Là funziona tutto al contrario: è inverno quando da noi è estate, l’acqua scende nello scarico ruotando in senso antiorario e le scuole sono belle.

“Il nostro preside sta andando in Cina, ospite del governo cinese, per imparare metodi d’insegnamento all’avanguardia da implementare nella nostra scuola” racconta Silvia “Abituata al nozionismo fine a se stesso, mi entusiasmano questi nuovi metodi importati attraverso scambi culturali. I nostri ragazzi non studiano in maniera tradizionale ma entrare in una classe elementare o media, da questa parte dell’Emisfero, è come fare un salto nel futuro”.
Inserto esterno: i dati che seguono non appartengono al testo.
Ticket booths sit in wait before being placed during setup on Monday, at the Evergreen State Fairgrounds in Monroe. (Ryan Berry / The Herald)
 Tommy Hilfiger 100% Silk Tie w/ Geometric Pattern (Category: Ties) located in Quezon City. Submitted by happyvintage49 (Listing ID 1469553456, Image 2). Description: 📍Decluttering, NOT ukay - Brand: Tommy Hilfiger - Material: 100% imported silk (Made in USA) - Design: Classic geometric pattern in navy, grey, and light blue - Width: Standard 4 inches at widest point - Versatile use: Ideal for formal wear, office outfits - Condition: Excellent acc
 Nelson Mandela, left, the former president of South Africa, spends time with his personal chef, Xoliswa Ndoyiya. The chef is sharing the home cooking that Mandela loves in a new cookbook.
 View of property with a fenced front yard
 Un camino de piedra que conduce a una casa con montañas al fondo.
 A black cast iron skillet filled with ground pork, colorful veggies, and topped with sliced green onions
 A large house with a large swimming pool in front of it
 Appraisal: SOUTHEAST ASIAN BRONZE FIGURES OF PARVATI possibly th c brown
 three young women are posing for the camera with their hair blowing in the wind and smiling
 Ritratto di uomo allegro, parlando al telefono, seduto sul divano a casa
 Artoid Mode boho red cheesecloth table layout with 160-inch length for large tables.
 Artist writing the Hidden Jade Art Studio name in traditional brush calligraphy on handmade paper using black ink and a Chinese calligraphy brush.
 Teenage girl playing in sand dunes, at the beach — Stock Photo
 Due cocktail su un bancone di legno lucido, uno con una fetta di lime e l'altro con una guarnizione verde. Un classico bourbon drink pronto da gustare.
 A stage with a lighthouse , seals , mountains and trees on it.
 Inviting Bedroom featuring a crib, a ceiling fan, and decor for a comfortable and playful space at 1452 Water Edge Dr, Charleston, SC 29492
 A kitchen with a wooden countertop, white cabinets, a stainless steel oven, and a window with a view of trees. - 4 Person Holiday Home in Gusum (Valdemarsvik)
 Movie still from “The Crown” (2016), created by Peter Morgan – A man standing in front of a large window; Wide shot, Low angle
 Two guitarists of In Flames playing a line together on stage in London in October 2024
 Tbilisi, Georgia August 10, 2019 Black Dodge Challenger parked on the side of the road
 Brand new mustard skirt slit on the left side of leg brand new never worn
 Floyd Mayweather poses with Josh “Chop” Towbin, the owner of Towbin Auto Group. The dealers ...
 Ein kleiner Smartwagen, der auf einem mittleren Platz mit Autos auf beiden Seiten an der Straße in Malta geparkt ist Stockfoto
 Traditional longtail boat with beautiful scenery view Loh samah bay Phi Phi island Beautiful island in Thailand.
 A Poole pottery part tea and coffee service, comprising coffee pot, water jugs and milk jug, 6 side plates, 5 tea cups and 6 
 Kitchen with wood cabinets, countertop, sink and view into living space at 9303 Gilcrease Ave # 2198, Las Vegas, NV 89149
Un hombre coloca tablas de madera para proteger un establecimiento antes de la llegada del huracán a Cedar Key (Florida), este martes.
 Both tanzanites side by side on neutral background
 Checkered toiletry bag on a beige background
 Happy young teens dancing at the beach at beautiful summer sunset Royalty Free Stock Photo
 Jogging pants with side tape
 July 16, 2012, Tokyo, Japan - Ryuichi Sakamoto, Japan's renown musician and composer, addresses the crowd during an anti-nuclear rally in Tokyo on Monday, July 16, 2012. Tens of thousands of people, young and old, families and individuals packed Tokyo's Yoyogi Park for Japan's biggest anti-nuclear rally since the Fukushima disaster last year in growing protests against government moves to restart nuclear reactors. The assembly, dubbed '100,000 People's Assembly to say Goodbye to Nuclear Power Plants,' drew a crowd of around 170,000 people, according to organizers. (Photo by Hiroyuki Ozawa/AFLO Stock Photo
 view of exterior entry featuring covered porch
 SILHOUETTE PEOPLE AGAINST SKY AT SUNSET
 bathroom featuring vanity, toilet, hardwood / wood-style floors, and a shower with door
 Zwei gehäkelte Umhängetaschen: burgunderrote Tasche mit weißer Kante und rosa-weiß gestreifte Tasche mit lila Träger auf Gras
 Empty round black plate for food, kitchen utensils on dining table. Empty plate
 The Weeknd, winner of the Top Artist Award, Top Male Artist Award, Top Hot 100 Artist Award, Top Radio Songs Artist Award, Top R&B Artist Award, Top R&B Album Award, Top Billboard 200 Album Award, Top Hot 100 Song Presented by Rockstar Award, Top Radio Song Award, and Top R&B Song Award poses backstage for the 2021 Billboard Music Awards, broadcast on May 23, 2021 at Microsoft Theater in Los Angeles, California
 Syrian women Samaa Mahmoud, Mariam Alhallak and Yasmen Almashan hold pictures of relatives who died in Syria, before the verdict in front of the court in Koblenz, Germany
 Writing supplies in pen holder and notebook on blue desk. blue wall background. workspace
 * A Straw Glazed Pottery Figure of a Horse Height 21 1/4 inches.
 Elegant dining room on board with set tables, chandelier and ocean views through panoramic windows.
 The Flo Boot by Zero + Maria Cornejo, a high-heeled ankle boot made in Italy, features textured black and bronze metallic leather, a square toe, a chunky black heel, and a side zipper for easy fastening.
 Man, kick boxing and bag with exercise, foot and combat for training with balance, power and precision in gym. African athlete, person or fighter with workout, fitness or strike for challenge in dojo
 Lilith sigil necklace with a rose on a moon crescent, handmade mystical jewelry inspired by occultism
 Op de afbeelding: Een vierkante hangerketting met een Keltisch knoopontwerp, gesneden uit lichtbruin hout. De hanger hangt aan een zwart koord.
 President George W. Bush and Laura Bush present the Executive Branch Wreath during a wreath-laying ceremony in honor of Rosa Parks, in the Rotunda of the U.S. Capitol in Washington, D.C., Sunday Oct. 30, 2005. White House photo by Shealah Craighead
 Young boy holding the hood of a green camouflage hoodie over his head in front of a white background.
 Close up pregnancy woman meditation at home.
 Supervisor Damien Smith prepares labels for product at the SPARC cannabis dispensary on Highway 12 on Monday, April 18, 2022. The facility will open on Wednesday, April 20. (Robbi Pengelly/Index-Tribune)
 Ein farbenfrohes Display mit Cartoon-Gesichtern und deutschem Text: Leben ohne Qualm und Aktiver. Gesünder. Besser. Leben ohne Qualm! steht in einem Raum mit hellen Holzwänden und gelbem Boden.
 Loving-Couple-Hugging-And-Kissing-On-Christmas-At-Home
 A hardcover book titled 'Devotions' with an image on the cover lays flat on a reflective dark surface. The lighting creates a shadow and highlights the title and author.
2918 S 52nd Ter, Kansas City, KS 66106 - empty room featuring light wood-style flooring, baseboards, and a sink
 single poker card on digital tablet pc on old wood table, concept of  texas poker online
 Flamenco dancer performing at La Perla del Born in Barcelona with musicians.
“Sono assolutamente d’accordo!” conferma Federica, mamma di cinque e residente ad Ackland “Avendo quattro bambini scolarizzati, mi sono resa conto di quanto sia diversa qui la vita degli studenti. Vengono insegnate l’indipendenza nell’apprendimento, la capacità di organizzare il proprio tempo e quella di saper presentare il proprio lavoro. L’amore per la lettura è incoraggiato, Ipad e computer sono strumenti didattici ordinari. La scuola inizia alle 9 ma i miei figli premono se alle 8.30 non sono già lì e durante le vacanze estive contano i giorni che li separano dall’inizio delle lezioni. Anche se la maggior parte dei miei connazionali in Nuova Zelanda non condivide, io sono convinta che il nozionismo sia un concetto superato”.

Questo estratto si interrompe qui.